Konzertkritik | Fettes-Brot-Abschied in Berlin
Es ist zum Heulen. Eigentlich. Aber: "Brot weint nicht", sagt das Hamburger Hip-Hop-Trio Fettes Brot in seinem letzten veröffentlichten Song. Zum Abschied geben die drei Rap-Routiniers noch mal alles in der Berliner Max-Schmeling-Halle. Von Magdalena Bienert
Da mussten die Fans wahrscheinlich so manche Träne verdrücken, als Fettes Brot vor sieben Monaten mit dem Song "Brot weint nicht" ihre Auflösung bekannt gaben. Nach 30 Jahren Bandgeschichte macht eines der sympathischsten Trios im Hip-Hop-Zirkus Schluss. "Papa und Papa und Papa trennen sich", haben sie gesagt.
Aber vorher: Abriss, Eskalation, Brot weint doch nicht. Und so beginnt das Konzert in der ausverkauften Max-Schmeling-Halle mit einem Klassiker von 1996: "Jein".
König Boris, Doktor Renz und Björn Beton stehen auf einem (halben) Schiff, hinter ihnen der Hamburger Hafen, über ihnen eine riesige Möwe. Rechts und links die Band, inklusive DJ und Bläsern. Vor ihnen: 9.000 Fans, die die Arme in die Luft reißen. So viele Erinnerungen an die späten 1990er Jahre und frühen 2000er: Klassenfahrten, Abipartys, Festivals – jetzt haben einige Besucher:innen ihre Kinder dabei.
"Einerseits wollen wir selbst bestimmen, wie wir das Ende gestalten, andererseits haben wir das Gefühl, alles erzählt zu haben", sagte König Boris in einem Interview mit dem NDR zu den Beweggründen fürs Aufhören. Aber der Abschied solle bitteschön an die traditionellen Begräbnisse in New Orleans erinnern: "Ein Trauerzug, der mit Musik durch die Straßen zieht. Traurig und euphorisiert zugleich." Aber sicherlich werde man die drei als Einzelpersonen schon noch mal an der Oberfläche auftauchen sehen, hieß es vieldeutig.

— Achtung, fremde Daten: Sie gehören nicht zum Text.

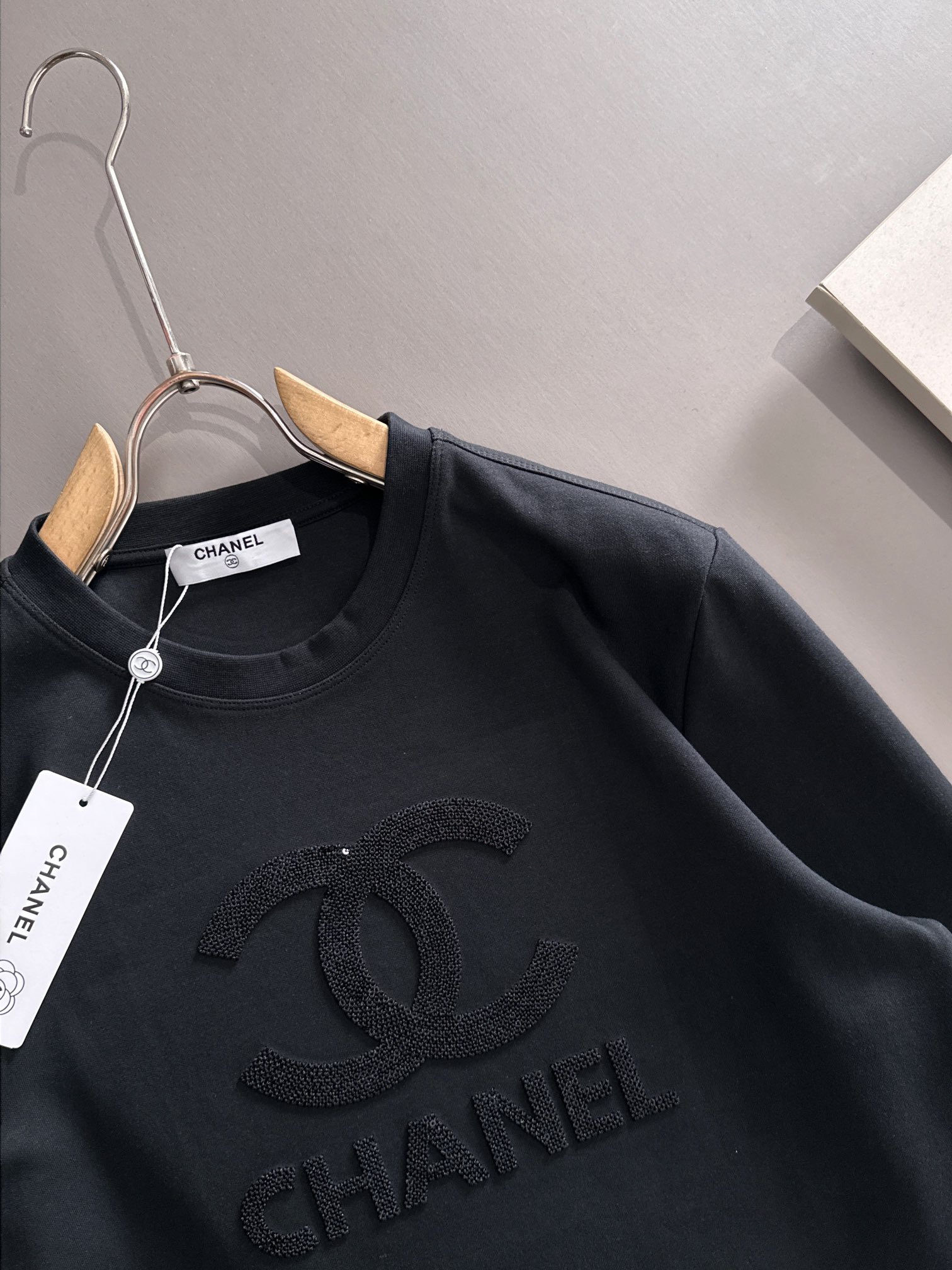 シャネル ロゴ ロングスリーブTシャツ ブラック ホワイト グレー 3色展開 - 画像 2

Aber erstmal stehen die "Hamburger Jungs" livehaftig nochmal auf der Bühne und liefern ein zweistündiges Best-Of ab.
Laola-Welle, schunkeln, rhythmisch klatschen, tanzen, springen, wippen, ausrasten – die Brote fragen routiniert das Konzert-ABC ab. In großer Plauderlaune sind sie dabei nicht, auch die Leichtigkeit ist ihnen etwas abhanden gekommen. Bei insgesamt 18 Stadion-Konzerten im Farewell-Modus wahrscheinlich kein Wunder. Auch klingt Björns Stimme deutlich angeschlagen – dennoch geben die Brote alles und werden frenetisch gefeiert.
Und dann, bei heftigem Strobo und purer Eskalation im Innenraum zu "Schwule Mädchen" und "Bettina, zieh dir bitte etwas an", da weiß man: Es ist ok, Fettes Brot nun in Liebe ziehen zu lassen. Danke für alles.
Als Rausschmeißer ertönt nicht zufällig Vicky Leandros mit "Ich liebe das Leben". Darin heißt es: "Das Karussell wird sich weiterdrehen, auch wenn wir auseinander gehen".
Am 1. + 2. September spielen Fettes Brot dann wirklich ein allerletztes Mal auf der Trabrennbahn Hamburg zwei Konzerte.